The group aims to spread the spirit of Aloha – the breath of life – through Columbus in the form of dance, according to its student organization page.

For the showcase, the group will present dances from Hawaii, Tahiti, New Zealand and Samoa, said Selesitila Harvey, a graduate student in social work and co-president of the club, as well as the wife of Devon Harvey.
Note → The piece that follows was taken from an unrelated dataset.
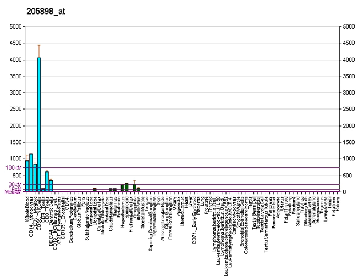CX3C chemokine receptor 1, also known as the fractalkine receptor or G-protein-coupled receptor 13, is a protein that in humans is encoded by the CX3CR1 gene.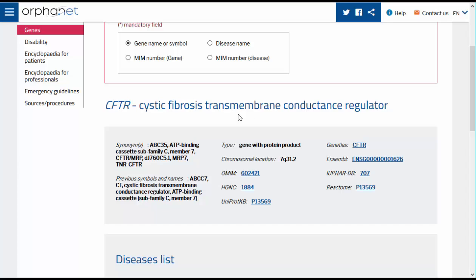You will find the name and symbol of the gene at the top of the page. You will then find the gene identity card with the synonyms, previous symbols and names of the gene, type of gene and chromosomal location.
According to the group instagramthe showcase is called “E Tumau Le Vā Fa’aleuō”, or “How firm your friendship is” in Samoan.

“All our dances are traditional from each of the islands we represent”,
Grace Ma’ae, a first-year athletic trainer and social media director for the organization, said. “In Polynesian culture, our dances imitate lyrics, much like telling stories with music.”

In addition to the organization’s dances, the show will also feature live Tongan music, a Columbus-based Polynesian dance troupe Mahana Productions and a children’s class performance, Devon Harvey said.

“It’s kind of a great collaboration, and we’re excited to be able to show it off and spread the Aloha with everyone,” he said.

In addition to its spring showcase, the organization offers several performance opportunities for members throughout the year, Devon Harvey said. The dancers held a fall semester showcase in December and also performed at events within the Columbus community, such as at the Ronald McDonald House in March, according to the group. instagram.

Due to the number of traditional dances and cultures covered by the organization, preparations for the showcases begin the first week of the semester, said Devon Harvey. They take each dance in turn, waiting for everyone to know the dance before moving on to another, he said.

“It was nice to be able to use these dances that [my dad] taught me and to teach it to other people to keep these dances alive,” said Selesitila Harvey.

The costume is another aspect of the showcase that takes up a big chunk of the semester, Devon Harvey said. The dancers make their own costumes with the dues money and they learn to make them together, he said. However, having to ship materials from the Polynesian islands where the costumes originated — which involves customs and the possibility of additional fees — makes this feat even more difficult, said Selesitila Harvey.

“Although we may not be able to get everything we need, we try to keep it as traditional as possible,” she said.

Devon Harvey said that in addition to traditional clothing, the dancers aim to incorporate other traditional costume elements into their costume in the future, including the kōwhaiwhai, which is a design that depicts a fern, and tattoos. drawn faces.

Everyone is welcome and encouraged to join the club and enjoy its performances, said Devon Harvey. The main goal of the organization is to share and teach others about Polynesian cultures, he said.

“We all come from Polynesian descent,” said Selesitila Harvey. “So that means a lot to us, but we like to share with everyone.”

Admission to “E Tumau Le Vā Fa’aleuō” is free and cookies will be provided.